The Vow: A Complete Timeline of the NXIVM Cult's Disturbing Activities and Collapse
HBO's true-crime docuseries The Vow takes on the unsavory case of NXIVM, a multilevel marketing company that, on the surface, promoted personal-development classes. While claiming to offer self-help, NXIVM has become associated with a disturbing sex cult and a pyramid scheme in recent years. At the center of NXIVM's chaos is its leader, Keith Raniere, a self-proclaimed genius who, with a cadre of top associates, preyed on women. Not long ago, NXIVM members faced multiple charges of sex trafficking and racketeering. To complement your viewing of the HBO documentary, read ahead for a timeline that gives a detailed look at the events that mark NXIVM's rise and fall.
- 1993: The New York attorney general files a lawsuit against Raniere's business, Consumers' Buyline, accusing it of being a pyramid scheme. A multilevel marketing company, Consumers' Buyline promoted commissions to existing customers for recruiting new ones. When served with the lawsuit, Raniere admitted to no wrongdoing and settled for $40,000. He then started another MLM, National Health Network, which eventually collapsed in 1999.
- 1998: Raniere and psychiatric nurse Nancy Salzman establish NXIVM (pronounced "nexium"), headquartering it in Upstate New York. They started the organization as a self-improvement multilevel marketing company that offered "Executive Success Programs." Roughly 16,000 people enrolled in these personal-development classes and workshops to overcome "psychological and emotional barriers." The community referred to Raniere as the "Vanguard" and Salzman as the "Prefect."
- October 2003: In a Forbes piece on NXIVM, Edgar Bronfman Sr. tells reporters that he believes that NXIVM is a cult. Bronfman's daughters, Sara and Clare, were in the group, and Clare funded it.

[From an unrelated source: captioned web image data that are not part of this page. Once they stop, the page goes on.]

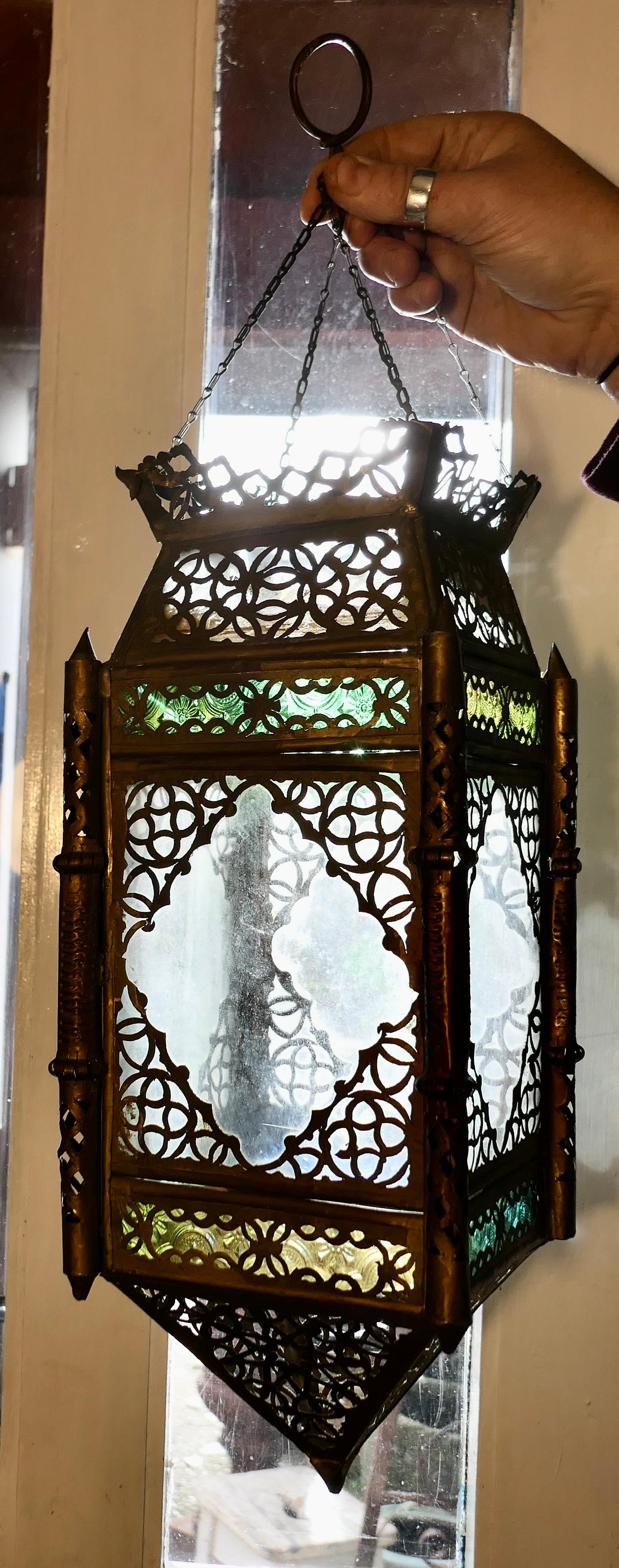 North African stained glass and brass hanging lantern shade

This is a lovely piece, it is rectangular in shape with diamond glass panels decorated with filigree brass work and small stained glass panels in Amber and Green. The lantern hangs on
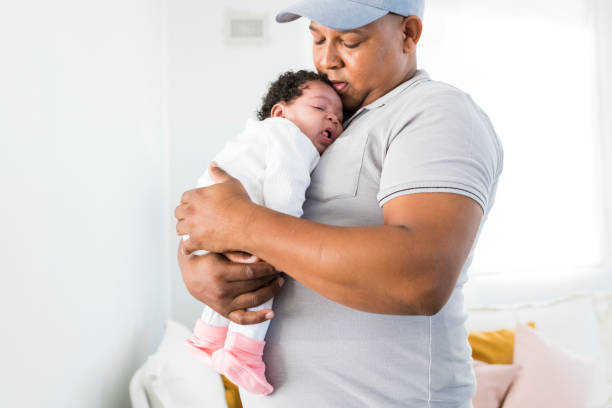 istock Proud father holding sleeping baby girl 958353434
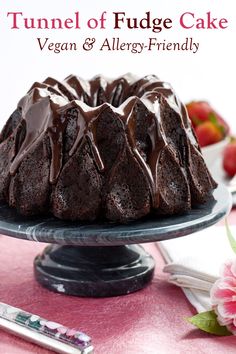 a bundt cake with chocolate icing on a plate next to strawberries and flowers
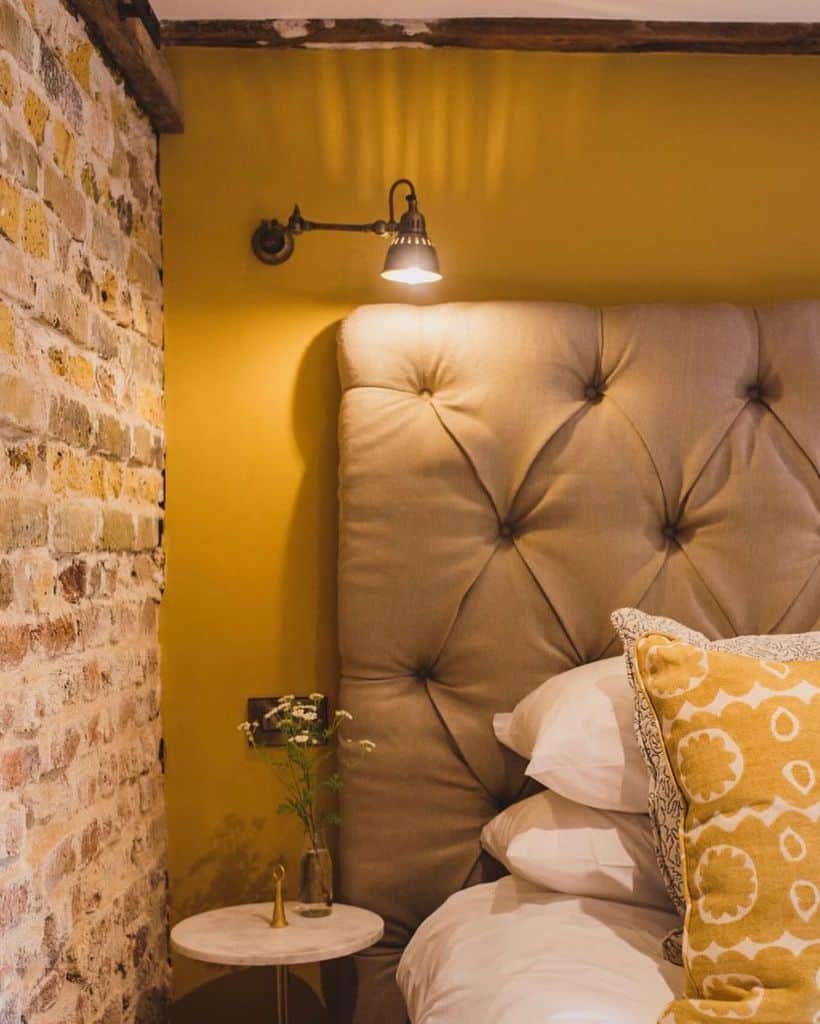 Cozy bedroom corner with a tufted headboard, sunny yellow wall, brick accent, and a small bedside table with a plant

- 2009: The "NXIVM Nine" confront Raniere. The group cited concerns about the organization's unethical practices and Raniere's abuse. It included Barbara Bouchey, Raniere's former long-term girlfriend.
- February 2012: Cult experts say that NXIVM is a cult. In a Times Union piece, some pointed out that the terms and rituals in NXIVM were very cult-like. One expert even likened Raniere to David Koresh, claiming the leader directed one of the most extreme cults he had ever studied.
- October 2017: The New York Times posts an exposé about NXIVM. The article revealed how women were branded as part of an initiation process for DOS, an inner "sisterhood" of NXIVM. Former women in the cult spoke on the submission and obedience practices in the cult, consisting of "masters" who would recruit "slaves." At the top of the pyramid was Raniere, who the FBI alleged coerced women into sleeping with him and took advantage of recruits for free labor. Women who did not pay penalties for breaking DOS rules were punished through fasting or other physical means. After the article was published, Raniere fled to Mexico as the Justice Department investigated the group.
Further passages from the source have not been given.